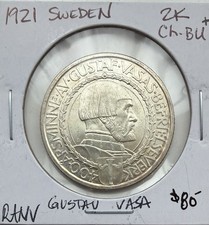 1921 Sweden Gustav Vasa Silver 2 Kronor Choice Brilliant Uncirculated +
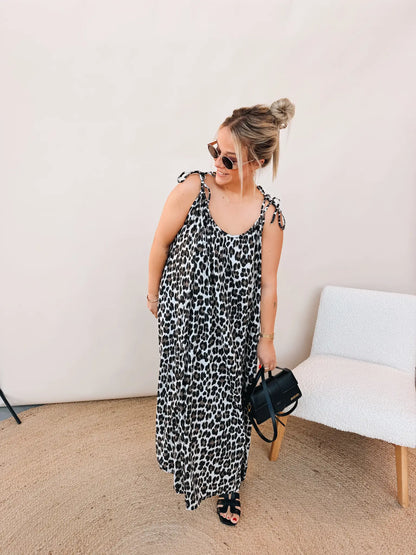 Roos Leopard Jurk Zwart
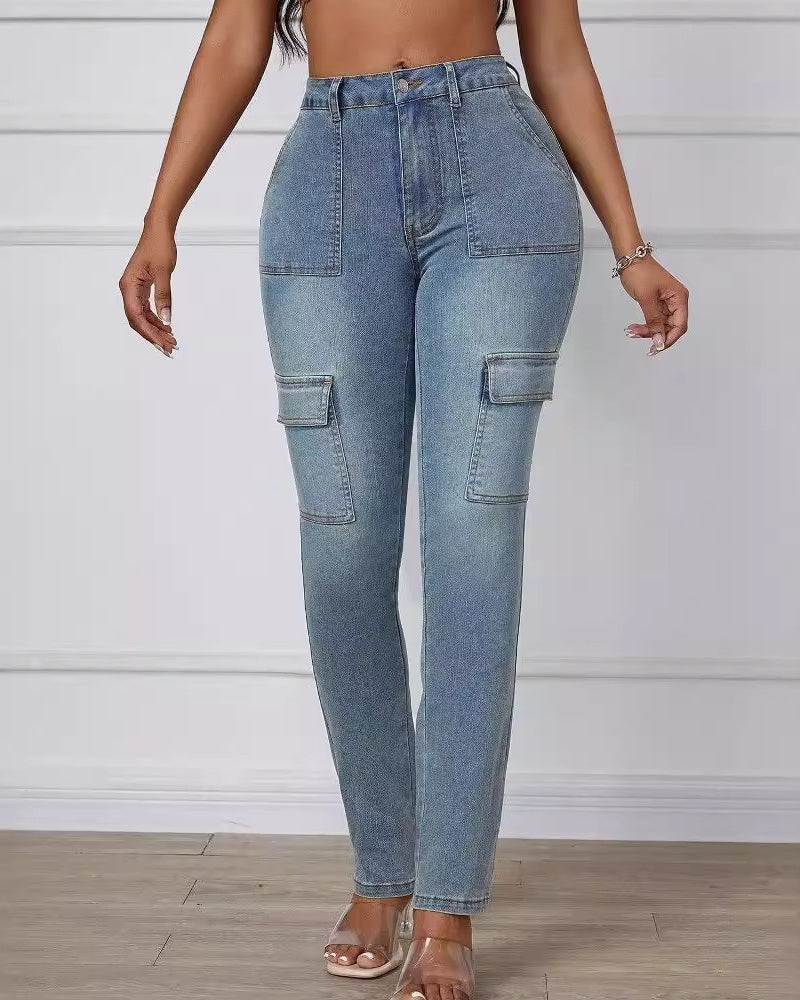 Multi-pocket High-stretch Straight-leg Skinny Jeans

## Your assignment
Could you set down the data exactly as given, minus its pictures?

## Written solution
 1921 Sweden Gustav Vasa Silver 2 Kronor Choice Brilliant Uncirculated +
 Roos Leopard Jurk Zwart
 Multi-pocket High-stretch Straight-leg Skinny Jeans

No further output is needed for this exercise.